Reminiscências em cadeia


Os leitores podem lutar por comida orgânica, mas o prazer vem da lembrança da comida da "nonna"

NA ÚLTIMA crônica, publiquei a carta de uma leitora sobre os cappelletti de sua "nonna". Mais uma vez, percebo que os leitores querem reminiscências, coisas que já aconteceram, que provavelmente não vão acontecer mais.
Não se ligam tanto no futuro, podem lutar por comida orgânica, ou por outra bandeira qualquer, mas o prazer vem mesmo da lembrança da comida da "nonna".
O nome da leitora é Deize Clotildes Barnabé de Morais. Diz ela que é uma mistura bem caipira das culturas italiana e brasileira e que, no meio da semana, já havia se tornado uma celebridade instantânea no meio dos comilões. E ela morrendo de alegria, o primeiro e-mail vinha de Ignácio de Loyola Brandão. Ele se lembrou da infância em Vera Cruz, do ritual de trabalhar as pamonhas e curaus. E anseia por um restaurante onde se possa chegar e ajudar, partilhar, participar e comer. (Ignácio, já temos uma coisa bem parecida idealizada pela Carla Pernambuco. No primeiro mutirão que ela organizar, te mando o convite.) Depois, à medida que eu ia passando os e-mails para ela, me senti uma alcoviteira, no meio de Romeu e Julieta. Cristina Pistolato Cardeña também faz os cappelletti com a família, onde eles têm o nome engraçado de inhulim. E acaba o e-mail no melhor estilo italiano: "Sou Servi e Cappelletti de sangue!" Regina Bui, dona do blog umdivanacozinha.blogspot.com, lembra aos leitores que o cappelletti da nossa escritora do último artigo eram recheados com os miúdos de frango, fervidos no brodo com cebola, bacon, cheiro-verde e alecrim. A "nonna" dela recheava com lombo de porco refogado e salame italiano moídos, substituindo os miúdos, porém, com a mesma finalização de farinha de rosca, parmesão e coentro. O restante da tradição é a mesma. E depois o senhor Miguel Novak.

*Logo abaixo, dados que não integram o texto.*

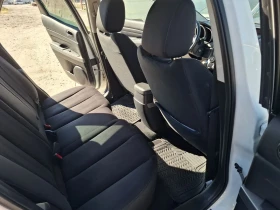 Mazda CX-7 Всичко платено ВЪРТИ НЕ ПАЛИ - 2700 € - 73072562 9 | Car24.bg Mazda CX-7 Всичко платено ВЪРТИ НЕ ПАЛИ - 2700 € - 73072562 9
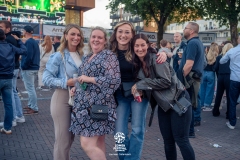 20260718_211915-17689_LR-foto-Jurriaan-Callenbach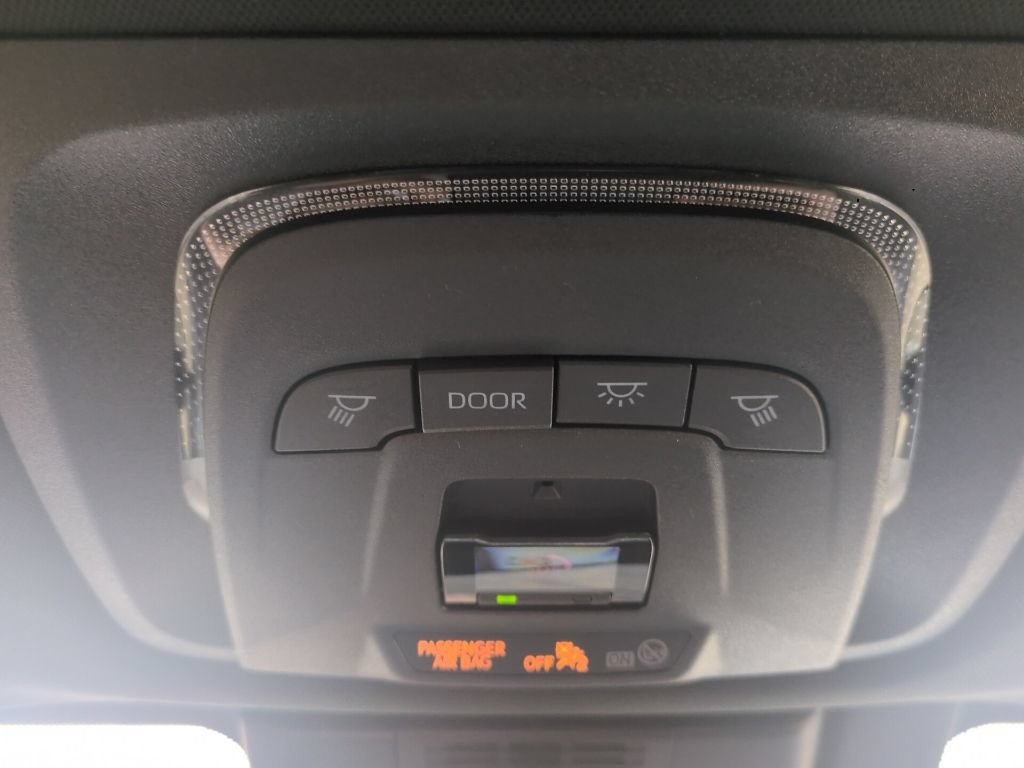 New 2026 Toyota C-HR AWD/4WD image 25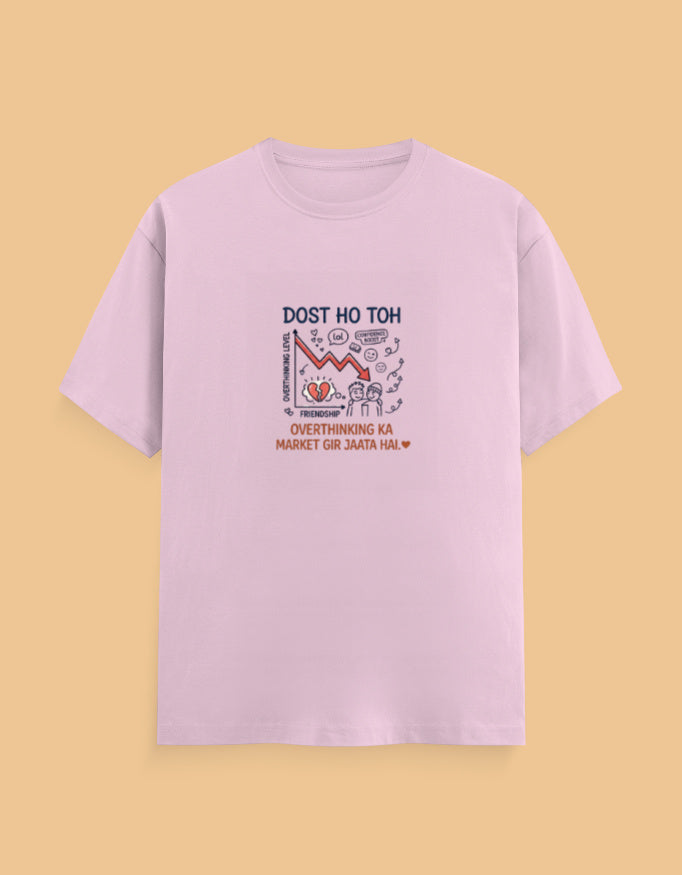 Front_1_c_45.jpg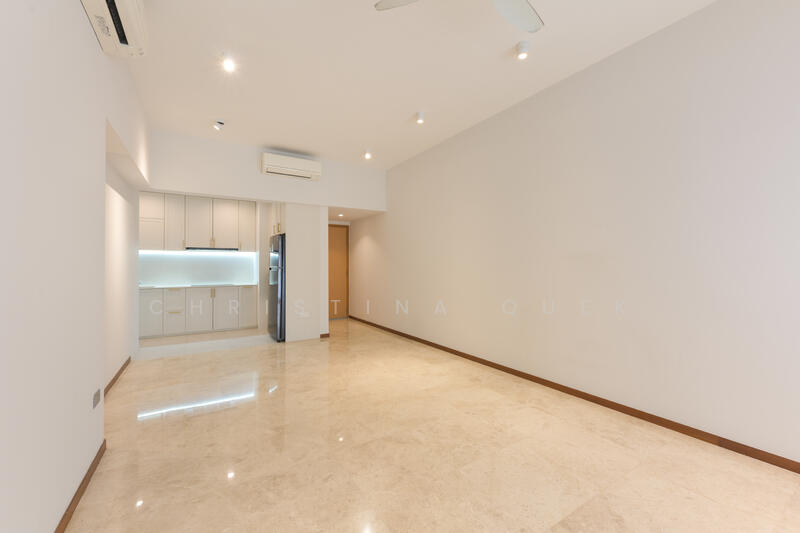 For Rent - The Peak @ Balmeg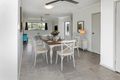 Property photo of 47 Archibald Street Edmonton QLD 4869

"Revi a minha "nonna", que chamamos de Babe, fazendo os cappelletti, que chamávamos de kreplach, em uma impecável cozinha branca caiada por ela de seis em seis meses. Morávamos no Brás, tínhamos um pequeno galinheiro no quintal. Tudo que a "nonna" fazia com o frango, a Babe fazia igual, só que após depenar o frango, ele era levado à chama do fogão para eliminar o que sobrara das penas. Lembro que os kreplach eram comidos na noite que antecede o Yom Kippur, Dia do Perdão, em que os adultos jejuam. Você acha que ainda se fazem "nonnas" e Babes como antigamente?"
Maria Aparecida gostava tanto do ritual que pegou uma ajudante antiga e fazem para fora, segundo todos os preceitos. Mora em Jaboticabal. Se quiserem comprar dela, pireslemos@netsite.com.br.
Wagner Orlandi, rapaz de 27 anos, tem seus cappelletti ainda garantidos pela mãe, que aprendeu com a avó e que passou para uma prima, que garante a tradição. Na família dele, o recheio é de bracciola moída com bastante noz-moscada e presunto, numa máquina de moer bem velha, mas que não pode ser mudada porque dá briga.
Fátima Gadioli tem uma "nonna" que é a "mamma" do século 21.
Tem 78 anos, dirige um Corolla do ano, sai para tomar chá com as amigas no Terraço Itália, cata milho no computador. Como tem dores muito fortes no ombro direito, agora abre a massa na máquina, faz aos poucos, duas tiras por dia, até juntar o bastante para as grandes celebrações. O recheio é outro. "No lugar dos miúdos de frango, um salame inteiro é cozido e moído e depois misturado com os mesmos ingredientes, farinha de rosca, parmesão, noz-moscada e outros temperinhos deliciosos, mas não tão essenciais. O caldo do salame vai se juntar ao caldo da galinha, forte."
Tem mais e mais, que fica para outra vez, inclusive com uma receita nova. E obrigada por todos nós, Deize Clotilde. Volte sempre.